▶ _Activity_: Reproduce precisely the lines of the listing below, starting with the line that contains "920 SW 4th Pl, Cape" and stopping after the line that contains "A spacious living"; include nothing else.

▶ _Material provided_:
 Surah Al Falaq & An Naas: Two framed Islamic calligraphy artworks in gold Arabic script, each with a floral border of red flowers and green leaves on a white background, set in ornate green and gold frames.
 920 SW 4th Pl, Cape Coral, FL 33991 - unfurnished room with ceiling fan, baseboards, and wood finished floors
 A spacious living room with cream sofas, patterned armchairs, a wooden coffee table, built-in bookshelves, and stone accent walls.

==

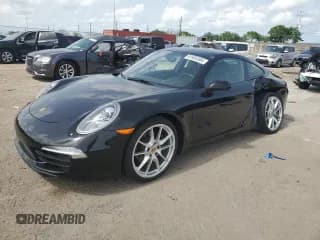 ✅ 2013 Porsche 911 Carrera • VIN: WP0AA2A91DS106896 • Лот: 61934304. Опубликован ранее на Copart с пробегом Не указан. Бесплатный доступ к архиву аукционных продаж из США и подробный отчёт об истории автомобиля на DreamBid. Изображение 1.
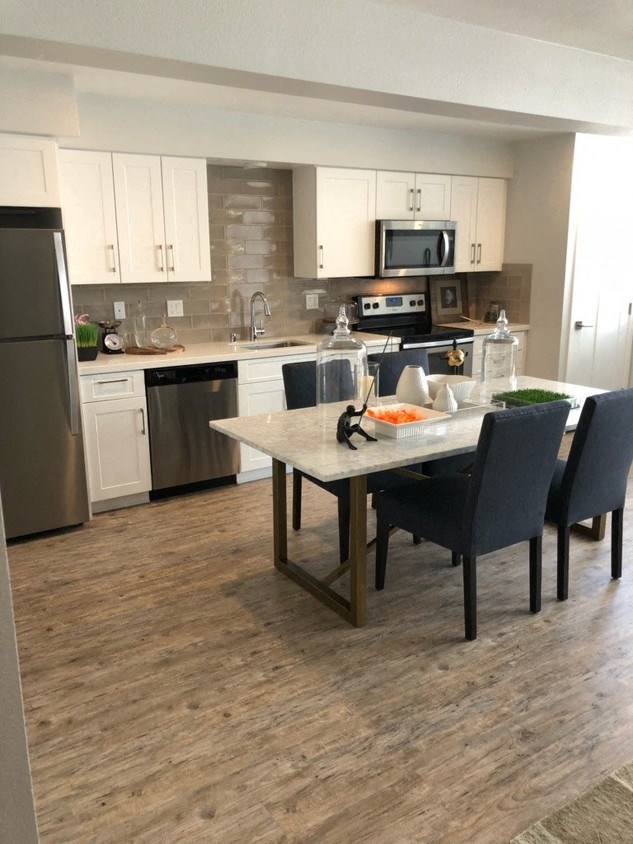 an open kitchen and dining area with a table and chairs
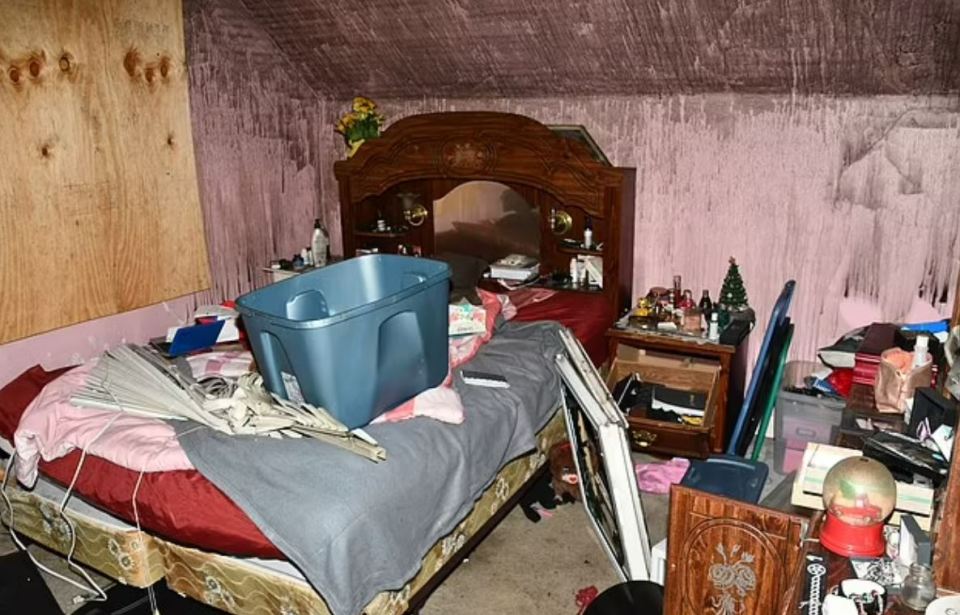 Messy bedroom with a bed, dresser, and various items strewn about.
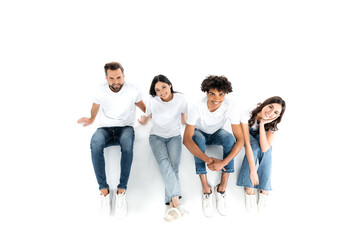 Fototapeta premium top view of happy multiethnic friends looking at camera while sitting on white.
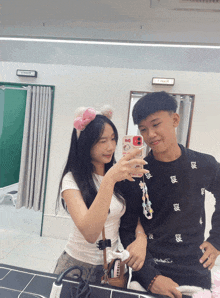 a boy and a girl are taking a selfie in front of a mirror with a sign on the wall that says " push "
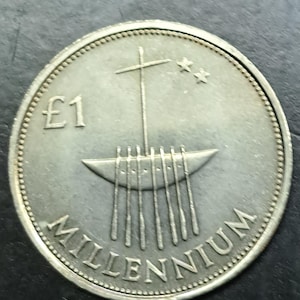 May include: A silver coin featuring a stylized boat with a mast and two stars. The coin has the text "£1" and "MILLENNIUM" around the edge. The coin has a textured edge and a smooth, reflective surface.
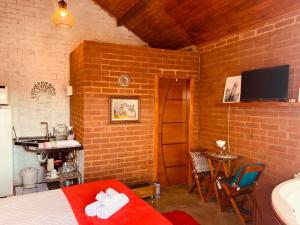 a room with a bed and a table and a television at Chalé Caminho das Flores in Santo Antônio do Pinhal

* * *

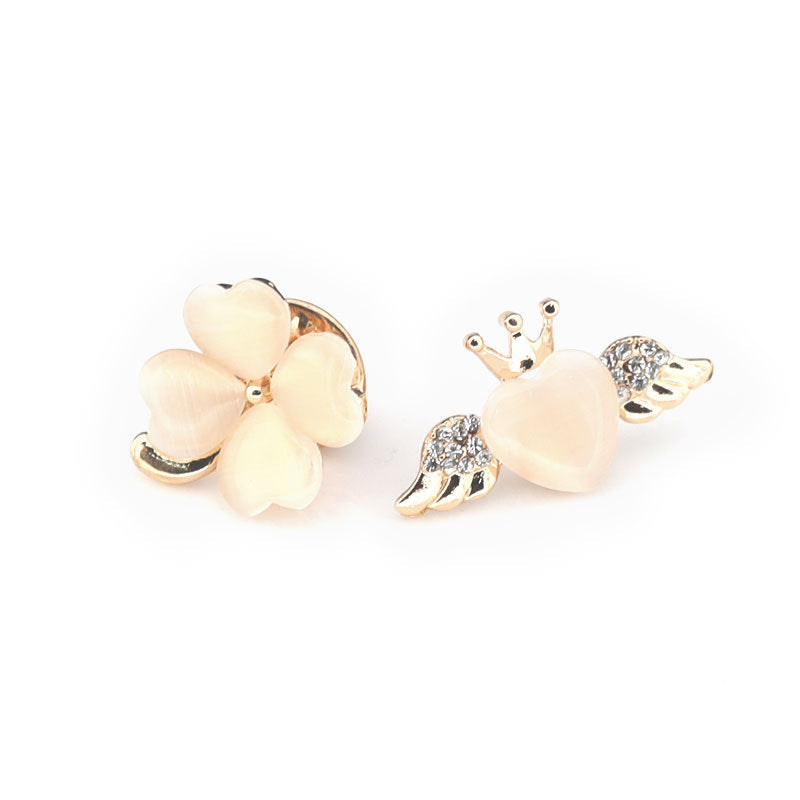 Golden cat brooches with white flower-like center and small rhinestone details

▶ _Problem solution_:
 920 SW 4th Pl, Cape Coral, FL 33991 - unfurnished room with ceiling fan, baseboards, and wood finished floors
 A spacious living room with cream sofas, patterned armchairs, a wooden coffee table, built-in bookshelves, and stone accent walls.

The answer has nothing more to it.